Nosotros, en cualquier caso, preferimos mirar hacia adelante. La muerte de Alberto Fujimori cierra una etapa dura de nuestra historia reciente, sí; pero abre también, y no es poca cosa, un nuevo período en el que, si la sensatez no nos ha abandonado del todo, debería tomar un lugar expectante la tan ansiada reconciliación. Una reconciliación nacional en la que, dejando de lado nuestras inveteradas y acaso justificadas rencillas, los peruanos deberíamos, al menos por una puta vez, poner por encima de todo al país. Lo que pasa por no perpetuar las divisiones, por buscar el diálogo y la curación colectiva.
Ya llegará la hora en que la Historia ponga a cada quien en el lugar que se merece. Dicha tarea, por supuesto, les corresponderá finalmente a las generaciones posteriores. No a la nuestra. Pues serán esos futuros peruanos los que, sin apasionamientos, sin los fanatismos ni sectarismos que hoy, lamentablemente, todavía nos afectan, pero, eso sí, con absoluto y cabal conocimiento de los hechos, determinarán quién es quién en este, como diría el maestro, “ir y venir del carajo” que es la historia nuestra.

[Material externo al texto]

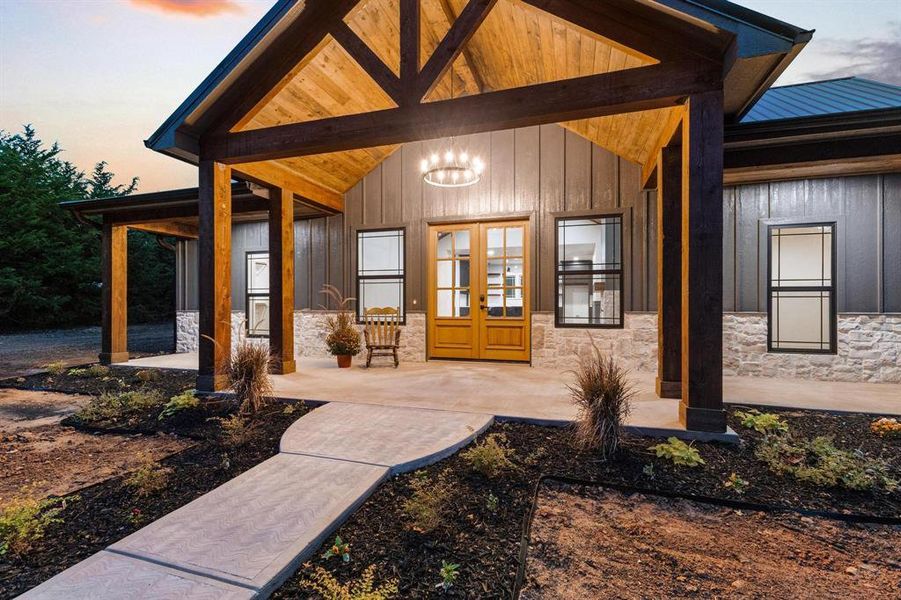 Exterior details and patio area of a home in , Bonham (Image 28).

Y así como empezamos estas líneas apelando a una sentencia, pues terminémoslas echando mano de otra: si no se tiene nada bueno que decir de alguien, es mejor no decir nada. Frase, esta, que si bien no se ajusta en su totalidad a quien se ha venido aludiendo en estas líneas, sirve, cuando menos, para explicar por qué nos es imposible sumarnos a ese “selecto” grupo de luminarias y reservas morales que, apenas conocida la muerte de Fujimori, salieron a gritar a los cuatro vientos su alegría porque estuviese muerto. Luminarias y reservas morales que, en un gran número de casos, jamás dijeron esta boca es mía cuando aquel estaba vivo, quizá conscientes, acaso, de que en algún momento los fujimoristas podían volver al gobierno, y eso sí que les significaría un gran problema.
En fin. Lo que teníamos que decir sobre ese señor, lo dijimos en su momento. Hoy, que él ya no está presente, no incurriremos en la actitud hijoputesca de lanzar denuestos sobre su tumba. Hoy, que él ya no está presente, guardaremos, respetuosamente, un necesario y merecido silencio.